William Henry Lane (aka "Master Juba") was an actual African-American dancer who combined the African dances of his heritage with Irish jigs to amaze audiences (including Charles Dickens). Reviewers exclaimed at how he could "tie his legs in knots" and "make his feet twinkle" (Tyler Anbinder, Five Points (New York: Free Press, 2001, p. 173).
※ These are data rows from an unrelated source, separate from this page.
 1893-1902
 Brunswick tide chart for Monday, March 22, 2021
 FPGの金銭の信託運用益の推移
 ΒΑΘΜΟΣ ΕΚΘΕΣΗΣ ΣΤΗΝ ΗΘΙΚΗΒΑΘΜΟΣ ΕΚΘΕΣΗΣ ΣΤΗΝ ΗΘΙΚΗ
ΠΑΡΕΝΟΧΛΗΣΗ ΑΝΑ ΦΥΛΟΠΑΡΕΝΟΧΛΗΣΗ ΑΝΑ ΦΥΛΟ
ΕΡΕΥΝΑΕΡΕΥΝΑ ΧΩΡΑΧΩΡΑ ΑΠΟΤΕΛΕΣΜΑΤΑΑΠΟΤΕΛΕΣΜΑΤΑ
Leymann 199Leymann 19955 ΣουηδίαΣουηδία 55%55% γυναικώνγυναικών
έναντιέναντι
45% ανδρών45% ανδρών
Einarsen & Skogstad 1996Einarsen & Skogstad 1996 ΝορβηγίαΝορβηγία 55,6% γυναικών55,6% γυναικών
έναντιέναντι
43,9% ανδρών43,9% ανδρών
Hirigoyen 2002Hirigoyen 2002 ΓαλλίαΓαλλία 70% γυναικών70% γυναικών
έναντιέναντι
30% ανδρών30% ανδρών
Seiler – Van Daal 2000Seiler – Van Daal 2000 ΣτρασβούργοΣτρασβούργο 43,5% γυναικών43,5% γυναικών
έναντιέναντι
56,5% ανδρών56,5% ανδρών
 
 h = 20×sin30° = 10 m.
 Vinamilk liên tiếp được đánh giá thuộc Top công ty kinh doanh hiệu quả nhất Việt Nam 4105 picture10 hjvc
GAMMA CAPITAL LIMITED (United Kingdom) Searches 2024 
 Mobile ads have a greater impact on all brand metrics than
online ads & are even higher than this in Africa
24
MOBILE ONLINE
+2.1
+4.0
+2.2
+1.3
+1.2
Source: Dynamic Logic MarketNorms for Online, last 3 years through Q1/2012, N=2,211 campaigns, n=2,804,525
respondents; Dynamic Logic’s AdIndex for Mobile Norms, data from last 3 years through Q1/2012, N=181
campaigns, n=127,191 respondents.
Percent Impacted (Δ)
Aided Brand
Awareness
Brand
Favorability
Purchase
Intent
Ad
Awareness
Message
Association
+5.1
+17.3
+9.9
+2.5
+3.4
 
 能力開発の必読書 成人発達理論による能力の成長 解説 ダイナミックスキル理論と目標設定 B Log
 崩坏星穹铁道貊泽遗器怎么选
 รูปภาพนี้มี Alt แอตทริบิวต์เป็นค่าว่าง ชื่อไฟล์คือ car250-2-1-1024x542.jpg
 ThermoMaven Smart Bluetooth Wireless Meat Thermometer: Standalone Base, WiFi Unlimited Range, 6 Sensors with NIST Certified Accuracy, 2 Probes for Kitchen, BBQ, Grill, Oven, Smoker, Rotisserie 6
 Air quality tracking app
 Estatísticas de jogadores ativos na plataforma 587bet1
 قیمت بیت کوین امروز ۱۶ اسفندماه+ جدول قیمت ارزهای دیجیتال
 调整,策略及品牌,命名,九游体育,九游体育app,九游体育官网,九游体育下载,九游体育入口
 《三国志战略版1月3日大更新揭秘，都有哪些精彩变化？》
While no one called it "tap dance" at that time, he is widely recognized as the father of that form and its role in musical theater dances.
Ladies and Gentlemen in Musical Theater Dances
A French ballet troupe, stranded in NYC, inspired Thomas Wheatley to use their skills in a melodrama he was managing called The Black Crook in 1866. While the show itself was mediocre at best and designed more as burlesque entertainment than art, it set a trend that was to last for decades: women on the stage, usually provocatively dressed, doing large dance numbers. This tradition led to larger ensemble dances such as the Ziegfield Follies, the Tiller Girls, and the Radio City Music Hall Rockettes.
The major figures in bringing men (and couples dancing) into the realm of musical theater dances were George M. Cohan and the couple Vernon and Irene Castle. Cohan honed his skill in vaudeville, learning the minstrel dances, but made the leap to Broadway with Little Johnny Jones, a musical he wrote, directed, and starred in 1904. While known for songs like "I'm a Yankee Doodle Dandy," Cohan considered himself a "song and dance man" and put as much emphasis on his ability to dance in his shows as his music.
Vernon and Irene Castle at last introduced what became a standard for many musical theater dances to come, the equivalent of a ballet pas de deux - couples dancing to further the plot. Starting with The Merry Widow in which the two main characters waltzed to show their love for each other, the couple became famous in England and America, introducing other popular dances such as the foxtrot. Many of their dances were simplified versions of African-American dances, created by their musical director James Reese Europe. Europe was a pioneering African-American choreographer who helped them open dance schools across the country as well as a NY nightclub where people could try out the dances they learned onstage.
Balanchine and DeMille: Dance as a Plot Device
Up until 1936, most dances in musical theater were simply diversions, taking a break from the story line to show off fancy moves and beautiful bodies. George Balanchine, the famous ballet choreographer, changed that with the musical On Your Toes, where "Princess Zenobia Ballet" and "Slaughter on 10th Avenue Ballet" played an integral role in Richard Rodger's musical. Balanchine's influence brought a more classical aspect to the Broadway stage and opened the door for other classically-trained choreographers to become part of the Great White Way.
Rodgers teamed up with Oscar Hammerstein to create the landmark musical Oklahoma! in 1943, and Agnes DeMille became the first significant female choreographer for the Broadway stage. Also trained in the ballet tradition, she turned her dances into major plot devices, including what became a standard form, the "dream ballet" (seen, for example, in the movie Singin' in the Rain). Her innovation brought dance from an incidental to a central role in musical theater.
Into the 21st Century
Bob Fosse, Gower Champion, Twyla Tharpe, Jerome Robbins - these are only a few of the choreographers who would pioneer dance on Broadway (and in its counterpart, the movie musical). While there was a period which seemed to see a decline in the popularity of musicals, the success of Broadway dance extravaganzas such as the Lion King or Momma Mia! have proven that it is back with a vengeance, and with many of the classics being made and re-made into films, the future of musical theater dance is as bright and shiny as a Broadway marquee.